● What the task asks: Reproduce each line below precisely. Drop the pictures.

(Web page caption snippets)

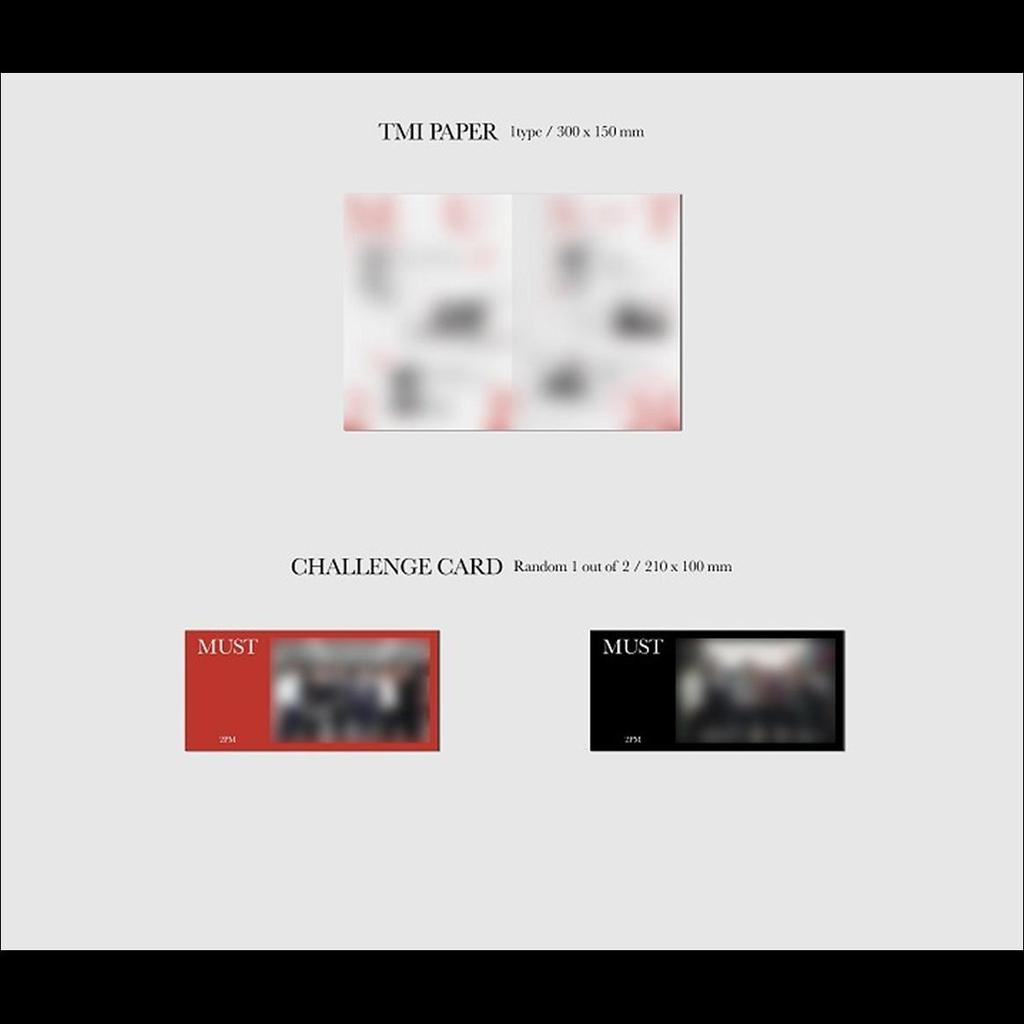 2PM [MUST] 7. Album
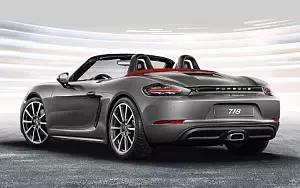 Porsche 718 Boxster     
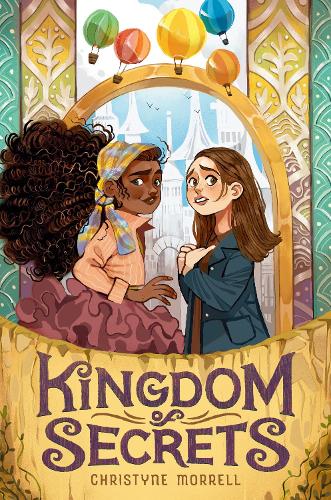 Бумажная книга «Kingdom of Secrets», автор Кристин Моррелл - фото №1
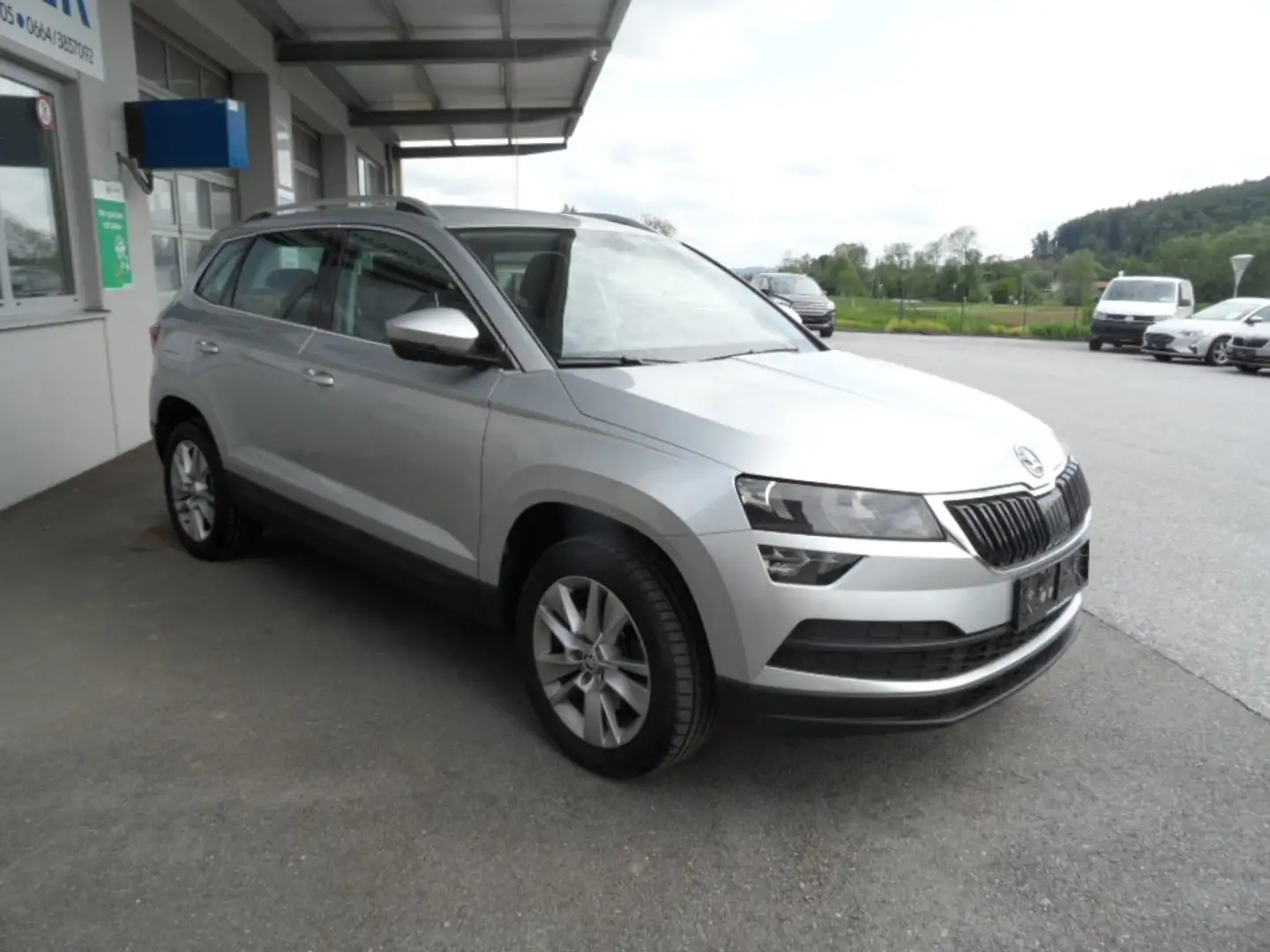 Skoda Karoq 1,6 TDI Ambition PDC Argintiu - 2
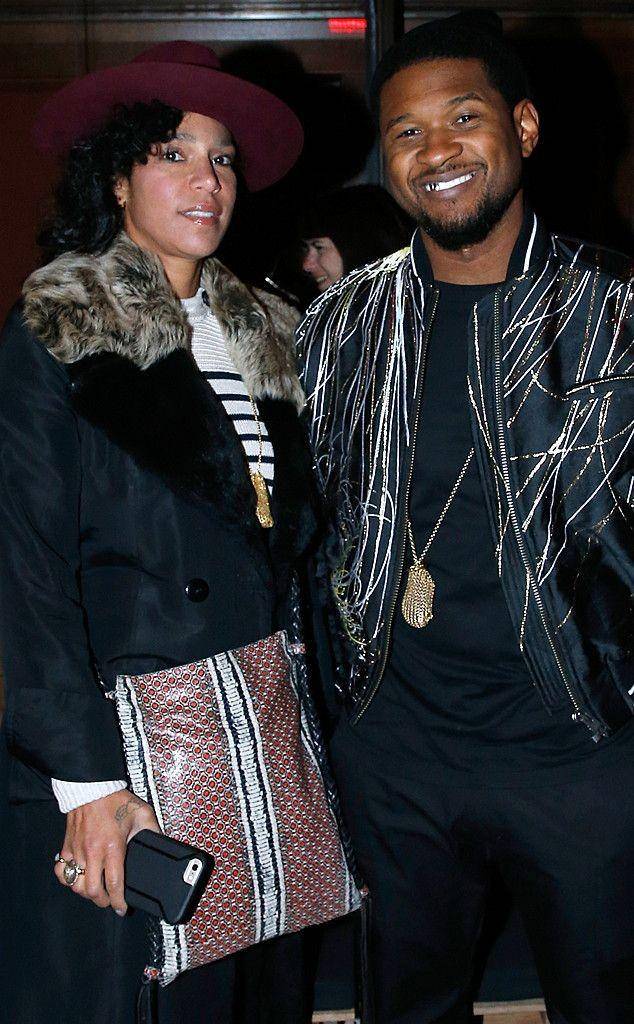 Usher dan Grace Miguel (e-news.us)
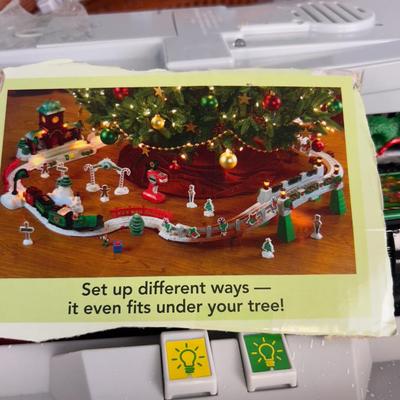 Fisher Price Geo Trax's Christmas TRAIN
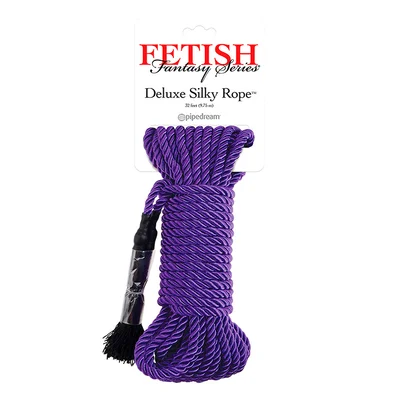 pipedream deluxe silk 31 bondage rope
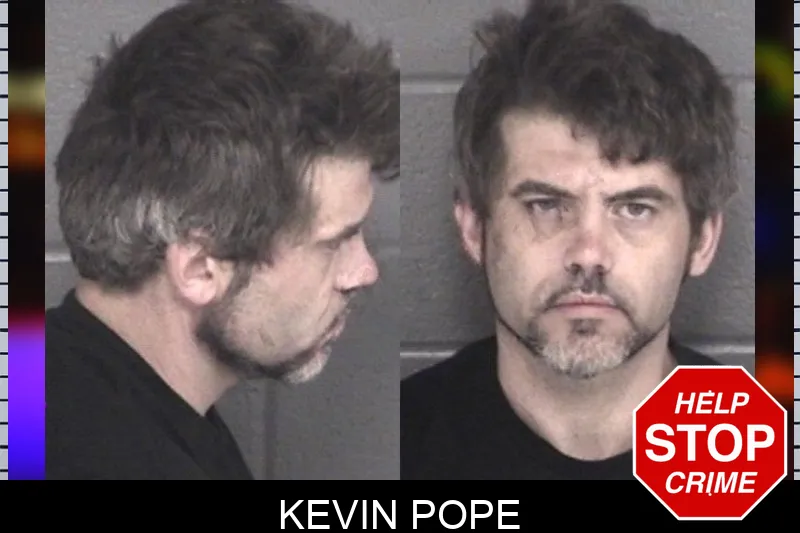 Kevin Pope mugshot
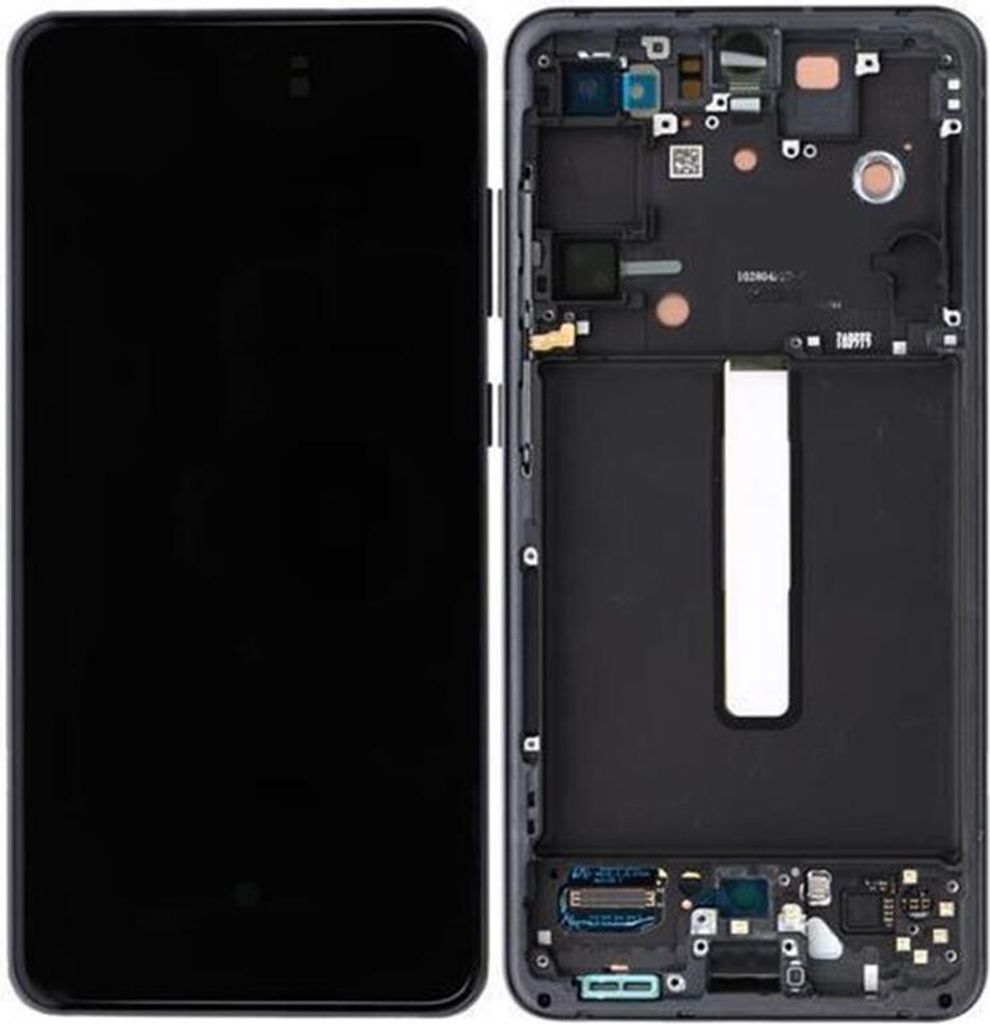 Original AMOLED Display Touchscreen Bildschirm Rahmen Produktbild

● Solution to this problem:
 2PM [MUST] 7. Album
 Porsche 718 Boxster     
 Бумажная книга «Kingdom of Secrets», автор Кристин Моррелл - фото №1
 Skoda Karoq 1,6 TDI Ambition PDC Argintiu - 2
 Usher dan Grace Miguel (e-news.us)
 Fisher Price Geo Trax's Christmas TRAIN
 pipedream deluxe silk 31 bondage rope
 Kevin Pope mugshot
 Original AMOLED Display Touchscreen Bildschirm Rahmen Produktbild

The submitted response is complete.